INSTRUCTIONS TO FOLLOW:
What you return must be the lines of the data that hold the word "Used".

(Web page caption snippets)
_ _ _
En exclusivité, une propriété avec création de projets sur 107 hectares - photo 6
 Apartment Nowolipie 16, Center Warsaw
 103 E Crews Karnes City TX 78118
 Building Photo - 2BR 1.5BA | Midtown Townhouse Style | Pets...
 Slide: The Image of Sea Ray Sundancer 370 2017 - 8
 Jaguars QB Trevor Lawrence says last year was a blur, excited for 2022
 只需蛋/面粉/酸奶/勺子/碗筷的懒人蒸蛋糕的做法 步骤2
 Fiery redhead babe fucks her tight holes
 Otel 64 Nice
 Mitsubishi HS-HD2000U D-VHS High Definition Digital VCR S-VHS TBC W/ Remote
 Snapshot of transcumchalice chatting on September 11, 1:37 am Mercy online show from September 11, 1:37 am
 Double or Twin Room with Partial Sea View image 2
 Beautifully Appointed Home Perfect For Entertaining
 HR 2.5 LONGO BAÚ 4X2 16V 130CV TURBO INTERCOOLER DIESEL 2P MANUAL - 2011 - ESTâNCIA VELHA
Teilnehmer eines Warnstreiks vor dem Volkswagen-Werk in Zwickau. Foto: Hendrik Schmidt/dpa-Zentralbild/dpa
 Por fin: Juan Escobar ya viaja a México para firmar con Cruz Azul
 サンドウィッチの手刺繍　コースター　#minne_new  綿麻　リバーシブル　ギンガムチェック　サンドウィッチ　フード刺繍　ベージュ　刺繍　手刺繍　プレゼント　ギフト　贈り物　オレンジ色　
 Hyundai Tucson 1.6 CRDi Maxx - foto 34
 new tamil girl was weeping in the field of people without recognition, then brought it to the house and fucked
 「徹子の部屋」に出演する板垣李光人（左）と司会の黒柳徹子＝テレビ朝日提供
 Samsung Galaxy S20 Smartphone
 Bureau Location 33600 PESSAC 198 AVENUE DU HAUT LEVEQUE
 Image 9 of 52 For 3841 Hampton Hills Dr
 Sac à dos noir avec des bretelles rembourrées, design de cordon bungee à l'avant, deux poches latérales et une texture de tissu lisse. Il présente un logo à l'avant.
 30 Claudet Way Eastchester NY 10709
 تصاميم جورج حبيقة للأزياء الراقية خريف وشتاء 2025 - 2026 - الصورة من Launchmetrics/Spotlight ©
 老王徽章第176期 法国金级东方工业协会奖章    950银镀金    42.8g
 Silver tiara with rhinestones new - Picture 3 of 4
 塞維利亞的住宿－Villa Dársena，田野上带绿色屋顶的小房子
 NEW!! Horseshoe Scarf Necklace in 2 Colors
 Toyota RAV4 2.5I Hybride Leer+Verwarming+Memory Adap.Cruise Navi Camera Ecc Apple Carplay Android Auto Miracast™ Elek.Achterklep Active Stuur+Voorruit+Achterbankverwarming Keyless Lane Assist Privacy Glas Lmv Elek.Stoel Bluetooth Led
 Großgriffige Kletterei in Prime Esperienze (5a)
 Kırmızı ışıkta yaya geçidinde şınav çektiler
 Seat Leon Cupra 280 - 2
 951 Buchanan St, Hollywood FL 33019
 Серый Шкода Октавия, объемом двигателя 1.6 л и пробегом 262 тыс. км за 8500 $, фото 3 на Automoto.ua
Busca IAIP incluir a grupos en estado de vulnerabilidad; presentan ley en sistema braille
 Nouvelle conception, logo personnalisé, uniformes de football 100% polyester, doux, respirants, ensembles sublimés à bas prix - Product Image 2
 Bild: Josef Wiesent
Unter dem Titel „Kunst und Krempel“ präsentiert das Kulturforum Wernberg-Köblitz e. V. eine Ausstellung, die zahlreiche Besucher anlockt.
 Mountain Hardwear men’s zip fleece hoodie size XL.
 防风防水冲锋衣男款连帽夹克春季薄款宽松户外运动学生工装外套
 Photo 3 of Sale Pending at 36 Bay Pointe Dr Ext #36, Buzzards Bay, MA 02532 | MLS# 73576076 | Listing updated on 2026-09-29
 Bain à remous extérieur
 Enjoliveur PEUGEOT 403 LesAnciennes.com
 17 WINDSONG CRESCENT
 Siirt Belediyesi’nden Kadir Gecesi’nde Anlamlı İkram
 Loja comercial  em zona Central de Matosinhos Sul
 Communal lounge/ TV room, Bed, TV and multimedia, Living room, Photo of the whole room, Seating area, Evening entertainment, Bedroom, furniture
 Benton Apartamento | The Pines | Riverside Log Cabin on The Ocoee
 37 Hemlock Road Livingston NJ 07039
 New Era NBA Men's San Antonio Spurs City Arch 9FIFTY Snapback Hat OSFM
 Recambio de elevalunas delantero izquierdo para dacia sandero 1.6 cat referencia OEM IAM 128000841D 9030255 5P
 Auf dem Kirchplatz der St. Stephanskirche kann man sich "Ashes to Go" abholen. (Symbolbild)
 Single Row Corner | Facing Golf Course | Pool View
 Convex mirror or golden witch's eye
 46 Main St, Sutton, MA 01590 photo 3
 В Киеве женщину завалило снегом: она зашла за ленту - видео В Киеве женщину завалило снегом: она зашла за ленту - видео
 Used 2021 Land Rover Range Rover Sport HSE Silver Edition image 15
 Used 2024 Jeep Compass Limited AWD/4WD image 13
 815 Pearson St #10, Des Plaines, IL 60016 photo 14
_ _ _
ANSWER SECTION:
 Used 2021 Land Rover Range Rover Sport HSE Silver Edition image 15
 Used 2024 Jeep Compass Limited AWD/4WD image 13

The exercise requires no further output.